--- START ---
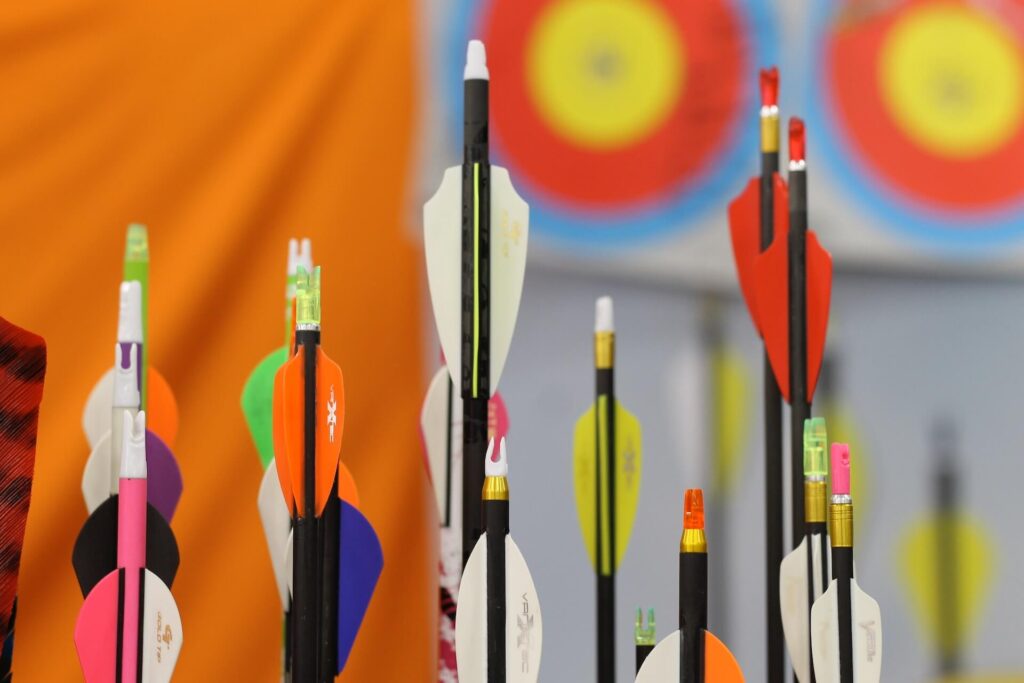 A close-up of arrow fletchings. Most of the arrows have black stems, while the fletchings are all different colors. Out-of-focus targets are in the background.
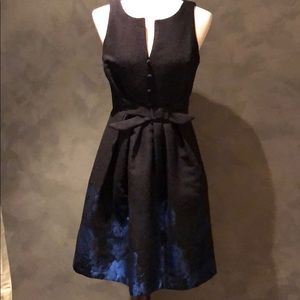 Eva Franco sleeveless dress with blue metallic hem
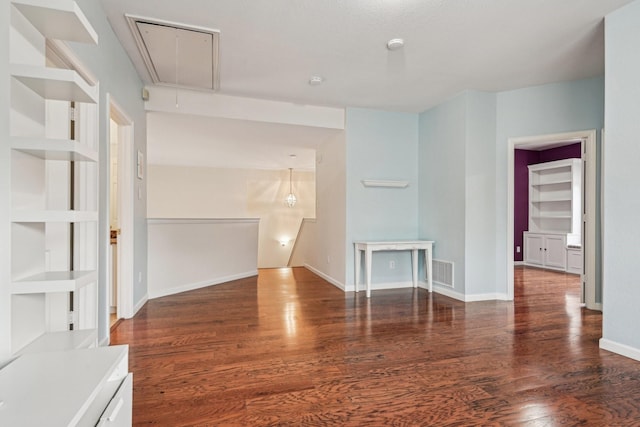 604 Nelson Ct, Plano, TX 75025 - unfurnished living room featuring built in shelves, attic access, wood finished floors, and visible vents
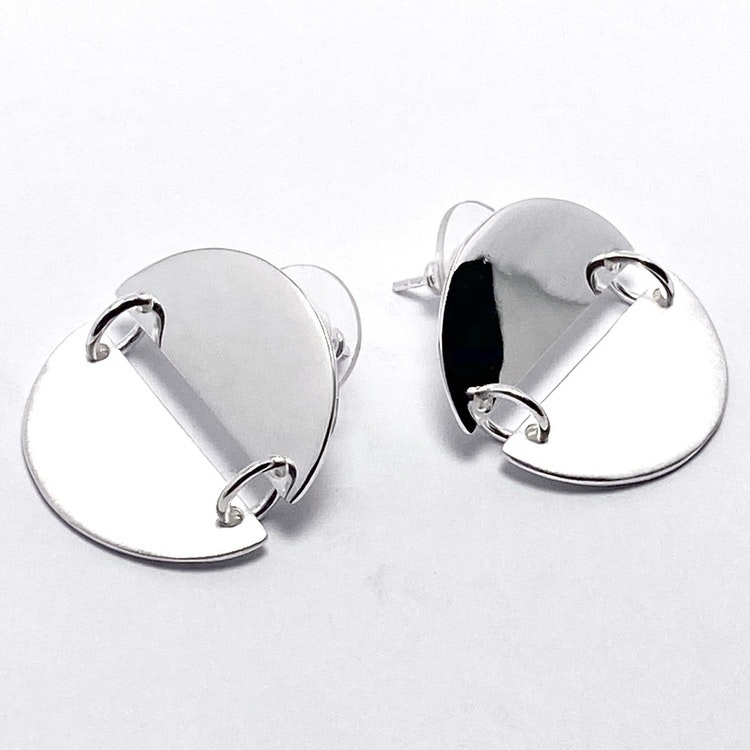 Silverörhängen med två halvcirklar som bildar en cirkel. Silver earrings with two half circles.
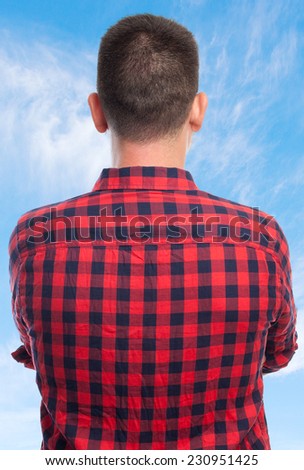 Young man with squares shirt over clouds background. He is giving his back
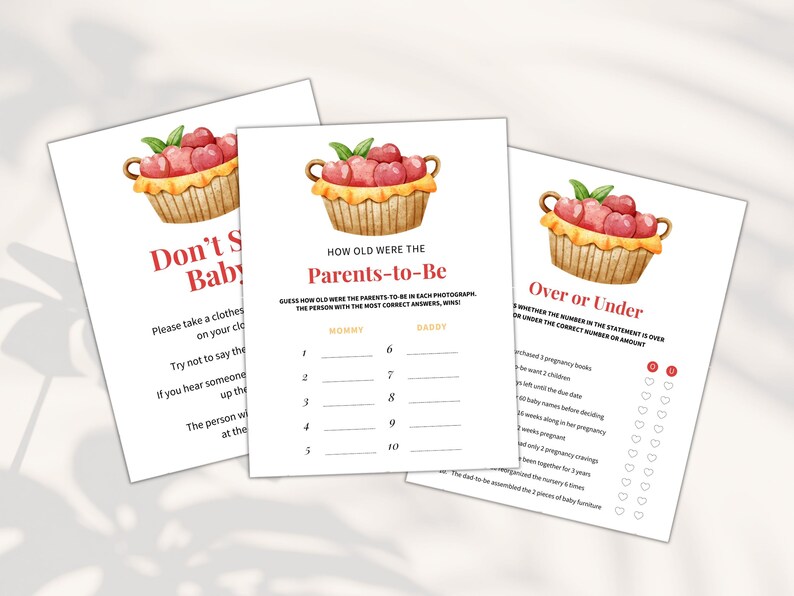 May include: Three printable baby shower game cards with a watercolor illustration of a basket of red apples. The games are "Don't Say Baby", "How Old Were the Parents-to-Be", and "Over or Under".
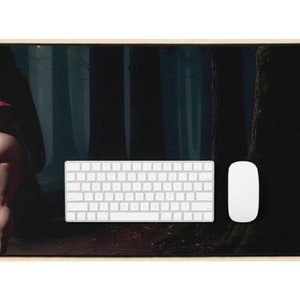 May include: A figure in a red hooded cloak walks through a dark forest. The figure is walking away from the camera. The background is a dark forest with trees and shadows.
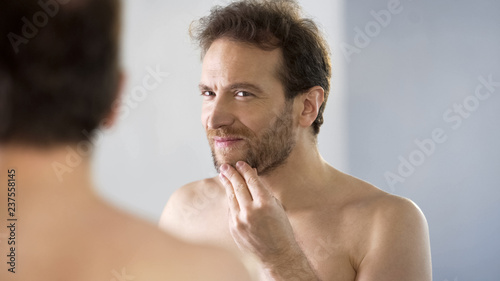 Topless male critically looking at his beard in mirror, morning ritual, bathroom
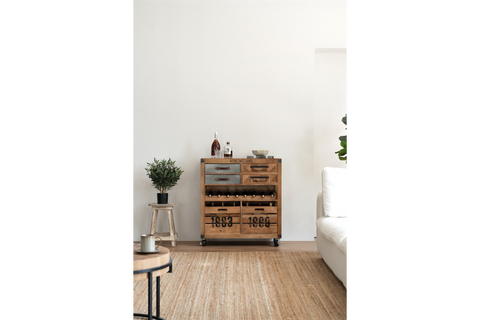 Wooden wine cabinet with metal accents, drawers, shelves, and wheels in a modern living room setting.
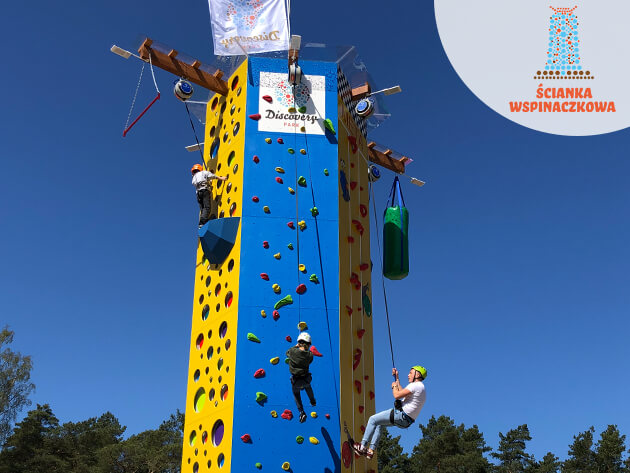 Dzieci wspinają sie na niebiesko żółtą ściankę wspinaczkową w Discovery Park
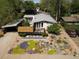 Charming home with xeriscaped yard featuring colorful succulents and modern fence at 2545 S Lowell Blvd, Denver, CO 80219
--- END ---
→ **Task instructions**
Each line from the one that holds "Silverörhängen med två" through the final line of the data must be retyped exactly; the pictures must not appear.

→ **Solution to the problem**
 Silverörhängen med två halvcirklar som bildar en cirkel. Silver earrings with two half circles.
 Young man with squares shirt over clouds background. He is giving his back
 May include: Three printable baby shower game cards with a watercolor illustration of a basket of red apples. The games are "Don't Say Baby", "How Old Were the Parents-to-Be", and "Over or Under".
 May include: A figure in a red hooded cloak walks through a dark forest. The figure is walking away from the camera. The background is a dark forest with trees and shadows.
 Topless male critically looking at his beard in mirror, morning ritual, bathroom
 Wooden wine cabinet with metal accents, drawers, shelves, and wheels in a modern living room setting.
 Dzieci wspinają sie na niebiesko żółtą ściankę wspinaczkową w Discovery Park
 Charming home with xeriscaped yard featuring colorful succulents and modern fence at 2545 S Lowell Blvd, Denver, CO 80219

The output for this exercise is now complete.